I'm trying to implement a simple REGEX that allows me to capture some info within a XML.
However, my REGEX capture several tags and gives me a very long answer. For example, If I have something like:
<item>
<title>bla</title>
...
<description>bla</description>
</item>
<item>
<title>bla2</title>
....
<description>bla2, keyword here are blablabla</description>
</item>
However, I use a REGEX like:
<item><title>([\\p{L}\\p{N}\\W \\.\\,]*?)</title>.*?<description>[\\p{L}\\p{N} \\.\\,]keyword[\\p{L}\\p{N} \\.\\,]*</description>
There are tags between title and description. When I use that REGEX it gives me all the tags until the first time it finds the word "keyword". So, the problem is this line:
</title>.*?<description>
How can I tell my REGEX that if the first description tag it finds doesn't have the keyword, it should select the next tag and return the result from the second item tag.
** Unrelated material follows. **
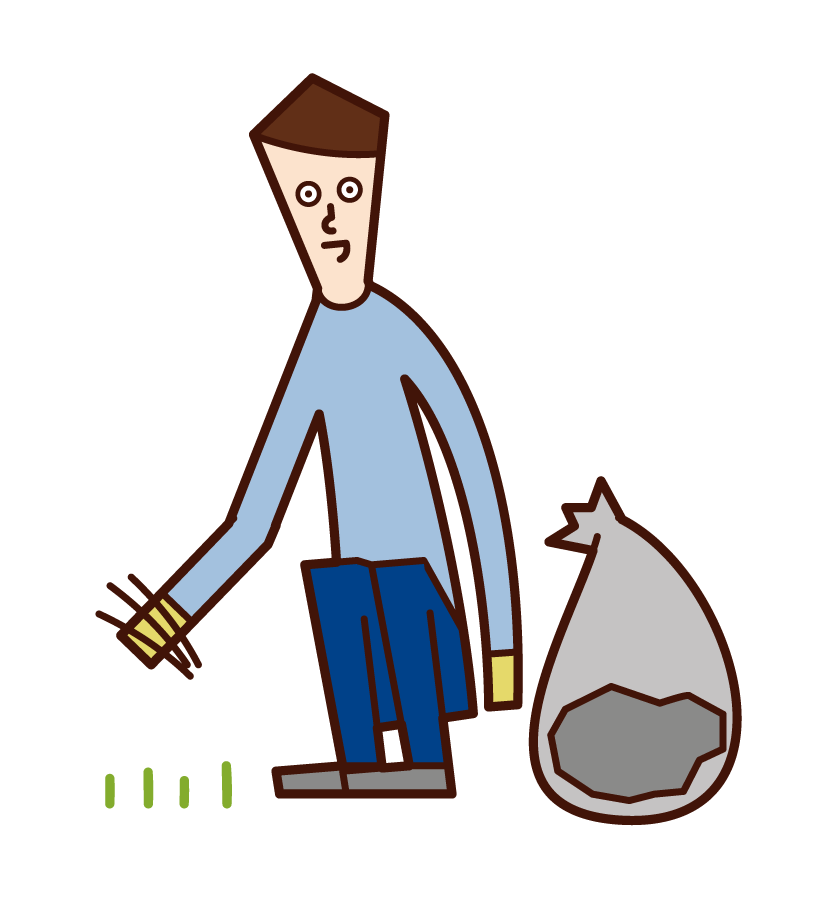 Illustration of a woman picking up garbage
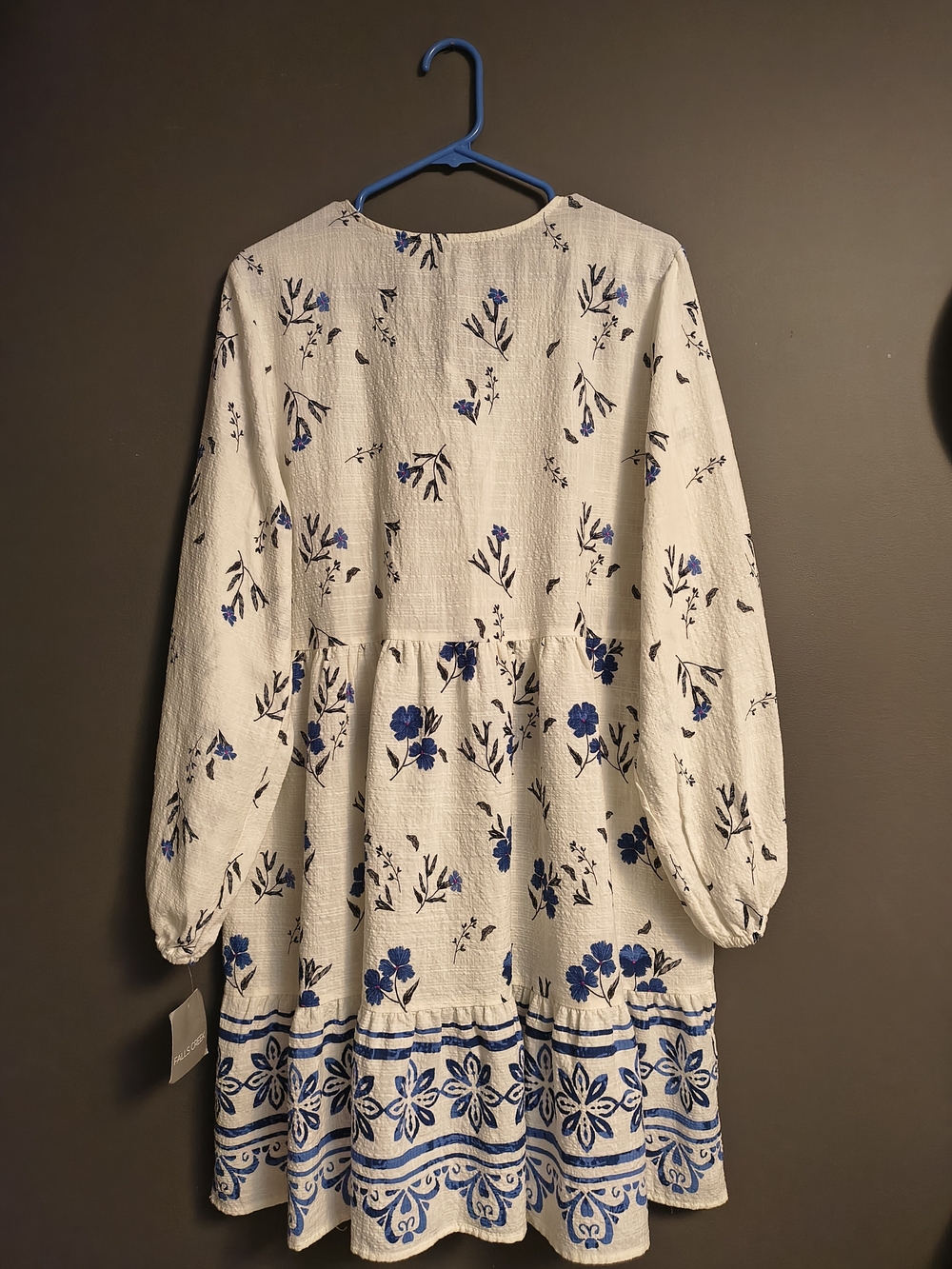 Falls Creek White Midi Dress with Blue Floral Print - Picture 2 of 4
Or, that it should not look for all the data between the title tag and the description tag if there is an ending item tag between those two.
I hope I'm explaining myself clearly. Please, ask for clarification if needed.
Edit:
An alternative solution:
<item><title>([\\p{L}\\p{N}\\W \\.\\,]*?)</title>(?:(?!<item>).)*?<description>[\\p{L}\\p{N} \\.\\,]keyword[\\p{L}\\p{N} \\.\\,]*</description>
Using (?:(?!).)* as a negative lookahead to avoid the capture of strings within new items.